Although I pestered my Mum endlessly for the latest Barbie dolls, I was never one of those girls who liked to play Mummy. The dolls were just to keep up with other kids. As I moved into the sulky, nonchalant teenage years, I began to shape my life’s ambitions. I knew I wanted to be famous, perhaps a writer or an artist. I didn’t think I’d get married and I knew, I just knew, that I’d never have kids
My Mum had me when she was just 21. She told my sister and I endlessly how we had fulfilled her and how the creation of our small family was all she had ever wanted. I pitied her lack of ambition, her domesticity and hatched plans to escape the monotony of small-town English life.
As I raced through my 20s, climbing London’s career ladder, promotions came thick and fast, and I revelled in my single status. Though I had plenty of boyfriends, I saw marriage as a trap, and the idea of having kids as nightmarish. I visited friends who had had babies, held the new-borns gingerly, and wondered whether it would be impolite to leave the house 15 minutes after arriving. I watched my mates turn into strangers, cooing and fawning over identical screaming bundles, and I just couldn’t understand what all the fuss was about. Even after I’d settled in Asia, where the supply of household helpers meant that having babies was infinitely less hard work, the concept didn’t appeal.
As I moved into my 30s, I wondered whether my nonexistent maternal instinct might finally arrive. At 35, there was no sign of it. I still found the mewling bundles irritating and preferred to dine at child-free restaurants. I secretly congratulated myself for having chosen a life unfettered by dirty nappies and the screaming of a wilful infant.
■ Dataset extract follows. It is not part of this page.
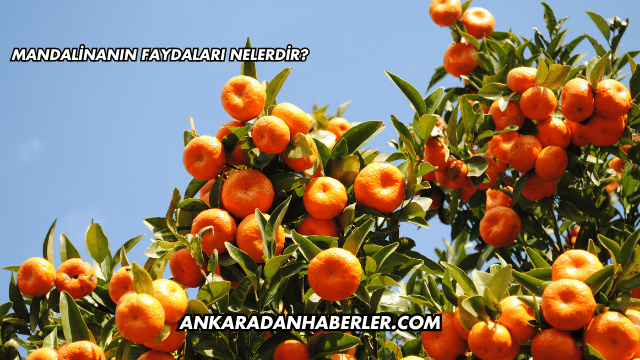 Mandalinanın Faydaları Nelerdir?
At the age of 37, I met my husband. We both knew that this was a relationship for keeps. However, he told me that he wanted kids and that if I didn’t that would essentially be a deal breaker. My love for him was profound, but it didn’t make me crave his children. So, I told him that we could try, on the condition that he would look after the baby, if it ever arrived. I was quite sure though that two decades of hardcore partying would have put pay to my fertility.
And then, it happened. My period was late and I felt a strange sensation somewhere deep inside of me. I bought a pregnancy test kit, and then another and another. The results were the same — I was pregnant. I joined a baby board and read posts from 3,000 women who were expecting their babies in the same month. I didn’t feel the elation they described. Even the regular scans did little to move me, and I ignored the fact that my belly was growing day by day.
I was happy to be pregnant, pleased for my husband. I cut a deal with him; he’d bring me champagne after the delivery and I’d go off to Goa for a “break”. Then, I relaxed and enjoyed the sensation of being pregnant.
The baby came bang on its due date. Twelve hours into labour, I ended up with an emergency C-section. It was a little boy, just over three kilos. And then the magic happened. My submerged maternal instinct came to life with such full force that I literally felt that someone had replaced my old brain with a new one. I cried for a fortnight. Tears of happiness rolled down my face spontaneously, whenever I looked at my own little bundle. I was a mass of raging hormones, but even after the initial high had died down, I was completely and irrevocably in love with my baby, overwhelmed by an emotion so primeval that it shocked me to the core. I finally understood what all the fuss was about. And no, I didn’t leave my two-week-old baby to sun myself in Goa! I got pregnant again. Now I am the invariably emotional and thoroughly grateful mother of two adorable little boys.